EJ's instruction to the lifeboat

C

Colin John James

Guest
This really relates to how near the mystery ship was to the TITANIC.
Captain Smith is reported to have told one of the boats to "row to that light and return".
Now knowing how long the ship had left approx, he must have felt the light was pretty damn close to give that order, surely no more than a mile in his estimation.

Could they perhaps been his own reflections.
 
Somehow, I doubt it. That there was a ship nearby was a fact that is accounted for by a substantial number of winesses, and the very likeliest candidate is the Californian. The trouble is that at night, it is extremely difficult to estimate dustances accurately so it's possible that any ship would have looked a lot closer then it actually was.

The Californian was and remains the subject of some extremely passionate debate, especially over such points as distances of seperation. I don't believe that she was only a mile or two away. More like four to five times that. Some insist it was more, others less. Whatever the case may be...opinions vary and I don't intend to get into it here...it would have taken a lifeboat quite a while to get to where she was either way. Especially since they were powered only by what sailors then referred to sarcastically as Swedish Steam. (Oars and muscle!)

Cordially,
Michael H. Standart
 
This order remains one of the mysteries of the night. The boat that is was given to was one of the worst crewed of all. The Swedish steam was supplied almost entirely by women. The distant ship was showing the lights of a steamer, not a sailing ship, so why on earth row to it and then row back? Get its captain off his backside and steam to the rescue!

I'd like to think that the order was never given but it's as well attested to as anything that happened that night. I fear that we are looking for rationality where none existed. Not everything that was done was logical or reasonable. The strange antics on Californian are a shining example. Life's like that!
 
Dave G -- Your last paragraph about the way of real life truly sums up Titanic.

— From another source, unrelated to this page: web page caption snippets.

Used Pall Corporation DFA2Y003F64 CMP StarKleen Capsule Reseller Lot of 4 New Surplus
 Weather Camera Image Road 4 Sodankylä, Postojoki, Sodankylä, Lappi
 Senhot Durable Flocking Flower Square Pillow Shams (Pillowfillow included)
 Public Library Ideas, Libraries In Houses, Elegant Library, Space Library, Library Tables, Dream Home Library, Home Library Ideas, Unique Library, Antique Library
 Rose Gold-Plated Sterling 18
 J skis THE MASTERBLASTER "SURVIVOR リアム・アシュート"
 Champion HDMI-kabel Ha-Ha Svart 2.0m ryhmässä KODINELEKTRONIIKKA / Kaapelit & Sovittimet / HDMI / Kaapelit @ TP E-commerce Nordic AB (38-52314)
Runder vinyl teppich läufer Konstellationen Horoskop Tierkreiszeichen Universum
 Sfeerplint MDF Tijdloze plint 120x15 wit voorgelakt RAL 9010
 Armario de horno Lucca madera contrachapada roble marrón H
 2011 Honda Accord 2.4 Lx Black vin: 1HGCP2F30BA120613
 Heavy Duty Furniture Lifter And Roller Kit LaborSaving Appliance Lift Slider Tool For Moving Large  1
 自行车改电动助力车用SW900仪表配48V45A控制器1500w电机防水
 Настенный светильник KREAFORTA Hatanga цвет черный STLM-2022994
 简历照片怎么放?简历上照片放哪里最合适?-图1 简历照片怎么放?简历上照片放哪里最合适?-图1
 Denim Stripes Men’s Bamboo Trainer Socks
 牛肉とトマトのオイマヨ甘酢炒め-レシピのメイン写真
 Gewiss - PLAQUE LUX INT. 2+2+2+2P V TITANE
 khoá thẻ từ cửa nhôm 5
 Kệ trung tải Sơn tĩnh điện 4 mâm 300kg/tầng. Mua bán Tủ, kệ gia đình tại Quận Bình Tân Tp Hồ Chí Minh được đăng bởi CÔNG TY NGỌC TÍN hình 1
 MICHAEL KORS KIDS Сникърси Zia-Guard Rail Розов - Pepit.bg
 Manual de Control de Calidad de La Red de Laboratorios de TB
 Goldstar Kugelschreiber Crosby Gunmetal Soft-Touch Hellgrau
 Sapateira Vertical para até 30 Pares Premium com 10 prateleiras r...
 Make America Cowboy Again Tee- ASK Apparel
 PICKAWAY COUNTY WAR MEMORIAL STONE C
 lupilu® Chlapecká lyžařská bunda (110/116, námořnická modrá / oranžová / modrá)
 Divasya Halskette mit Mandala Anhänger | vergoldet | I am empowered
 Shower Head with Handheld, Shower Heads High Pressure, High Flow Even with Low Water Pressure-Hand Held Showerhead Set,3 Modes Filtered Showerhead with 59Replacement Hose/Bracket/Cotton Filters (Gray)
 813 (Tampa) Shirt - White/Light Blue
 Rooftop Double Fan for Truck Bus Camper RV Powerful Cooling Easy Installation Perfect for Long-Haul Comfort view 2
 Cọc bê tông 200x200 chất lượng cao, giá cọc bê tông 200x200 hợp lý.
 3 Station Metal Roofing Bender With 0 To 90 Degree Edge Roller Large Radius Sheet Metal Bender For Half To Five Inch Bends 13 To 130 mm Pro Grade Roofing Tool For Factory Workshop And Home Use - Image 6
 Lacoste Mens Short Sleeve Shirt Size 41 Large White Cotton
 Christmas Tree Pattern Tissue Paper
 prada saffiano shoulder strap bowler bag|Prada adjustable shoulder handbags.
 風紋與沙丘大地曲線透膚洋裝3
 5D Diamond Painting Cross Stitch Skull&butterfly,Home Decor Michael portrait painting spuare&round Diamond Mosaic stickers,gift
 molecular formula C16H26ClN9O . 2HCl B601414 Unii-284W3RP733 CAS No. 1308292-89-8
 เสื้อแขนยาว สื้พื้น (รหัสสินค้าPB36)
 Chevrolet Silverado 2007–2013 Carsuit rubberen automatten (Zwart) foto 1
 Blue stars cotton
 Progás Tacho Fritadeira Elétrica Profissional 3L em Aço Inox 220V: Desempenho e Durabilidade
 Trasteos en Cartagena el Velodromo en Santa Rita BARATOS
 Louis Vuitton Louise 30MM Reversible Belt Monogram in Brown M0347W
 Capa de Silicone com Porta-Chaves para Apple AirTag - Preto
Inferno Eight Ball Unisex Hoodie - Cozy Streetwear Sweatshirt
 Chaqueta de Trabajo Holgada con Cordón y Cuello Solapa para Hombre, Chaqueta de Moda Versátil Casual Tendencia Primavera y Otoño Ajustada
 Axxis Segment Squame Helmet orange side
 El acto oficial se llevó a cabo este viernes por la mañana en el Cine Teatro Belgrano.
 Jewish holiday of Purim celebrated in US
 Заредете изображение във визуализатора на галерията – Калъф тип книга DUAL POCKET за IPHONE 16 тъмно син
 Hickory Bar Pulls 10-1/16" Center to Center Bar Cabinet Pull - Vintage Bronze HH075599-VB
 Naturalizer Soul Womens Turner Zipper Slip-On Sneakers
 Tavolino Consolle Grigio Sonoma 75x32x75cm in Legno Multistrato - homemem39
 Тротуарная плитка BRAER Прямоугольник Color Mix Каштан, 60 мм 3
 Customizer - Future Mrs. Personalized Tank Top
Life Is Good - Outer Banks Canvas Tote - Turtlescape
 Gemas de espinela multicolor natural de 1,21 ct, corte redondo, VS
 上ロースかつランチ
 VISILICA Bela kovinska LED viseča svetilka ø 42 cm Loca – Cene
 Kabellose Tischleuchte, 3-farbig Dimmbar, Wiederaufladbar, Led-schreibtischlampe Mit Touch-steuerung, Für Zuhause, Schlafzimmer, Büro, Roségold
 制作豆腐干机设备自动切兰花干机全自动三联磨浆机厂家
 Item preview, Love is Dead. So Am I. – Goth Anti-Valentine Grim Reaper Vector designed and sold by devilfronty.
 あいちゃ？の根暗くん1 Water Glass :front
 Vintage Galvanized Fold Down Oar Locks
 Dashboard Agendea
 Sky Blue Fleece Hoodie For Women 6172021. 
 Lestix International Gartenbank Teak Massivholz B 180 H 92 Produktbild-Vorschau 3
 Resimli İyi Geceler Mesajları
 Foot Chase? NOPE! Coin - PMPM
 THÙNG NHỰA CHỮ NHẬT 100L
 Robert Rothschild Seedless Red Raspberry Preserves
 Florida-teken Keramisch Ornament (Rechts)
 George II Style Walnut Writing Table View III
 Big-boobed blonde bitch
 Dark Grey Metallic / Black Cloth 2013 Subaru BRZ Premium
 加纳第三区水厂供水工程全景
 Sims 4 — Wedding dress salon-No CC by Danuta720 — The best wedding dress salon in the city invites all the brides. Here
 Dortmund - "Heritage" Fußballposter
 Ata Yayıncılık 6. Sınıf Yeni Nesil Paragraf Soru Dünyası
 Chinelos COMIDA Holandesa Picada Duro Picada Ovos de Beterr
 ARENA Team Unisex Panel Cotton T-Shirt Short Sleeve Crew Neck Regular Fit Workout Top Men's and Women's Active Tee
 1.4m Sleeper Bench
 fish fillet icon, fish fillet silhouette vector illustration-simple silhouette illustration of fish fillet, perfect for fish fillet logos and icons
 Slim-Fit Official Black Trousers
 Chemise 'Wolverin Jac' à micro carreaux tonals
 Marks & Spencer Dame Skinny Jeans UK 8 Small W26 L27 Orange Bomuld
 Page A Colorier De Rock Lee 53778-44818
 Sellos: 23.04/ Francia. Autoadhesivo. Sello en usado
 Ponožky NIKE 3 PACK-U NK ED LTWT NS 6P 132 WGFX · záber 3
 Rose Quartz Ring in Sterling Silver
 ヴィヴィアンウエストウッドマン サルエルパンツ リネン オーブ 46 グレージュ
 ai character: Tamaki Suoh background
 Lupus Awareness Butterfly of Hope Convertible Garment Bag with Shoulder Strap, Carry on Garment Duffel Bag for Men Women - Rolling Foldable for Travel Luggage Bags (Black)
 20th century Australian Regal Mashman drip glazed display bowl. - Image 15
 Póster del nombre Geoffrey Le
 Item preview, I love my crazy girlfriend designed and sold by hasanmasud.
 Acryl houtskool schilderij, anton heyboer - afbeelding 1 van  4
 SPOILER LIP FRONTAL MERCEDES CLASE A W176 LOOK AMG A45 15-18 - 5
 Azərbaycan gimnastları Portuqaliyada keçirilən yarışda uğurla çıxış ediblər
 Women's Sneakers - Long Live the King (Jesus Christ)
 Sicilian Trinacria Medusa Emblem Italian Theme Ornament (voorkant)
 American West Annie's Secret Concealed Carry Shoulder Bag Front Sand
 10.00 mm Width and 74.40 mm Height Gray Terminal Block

If Captain Smith ordered a boat to row to the lights on the horizon, it was probably an attempt to wake up the other vessel. Everything else had failed. IF Smith did give such an order it indicates the depth of his frustration. Viewed logically, a lifeboat was not going to row to the other ship in time to change the outcome of the night.

--David G. Brown
 
I would have to agree with Captain Daves view of what Captain Smith supposedly said. In a way it sort of makes sense. At this point Smith knows the ship is done for and unless some sort of help comes rather quickly 1500 or more are going to die. This is like a last ditch effort to raise the attention of a ship that he can see. Deep down he probably knew that the lifeboat wouldn't make it that far before the ship sank but it was his own last ditch effort.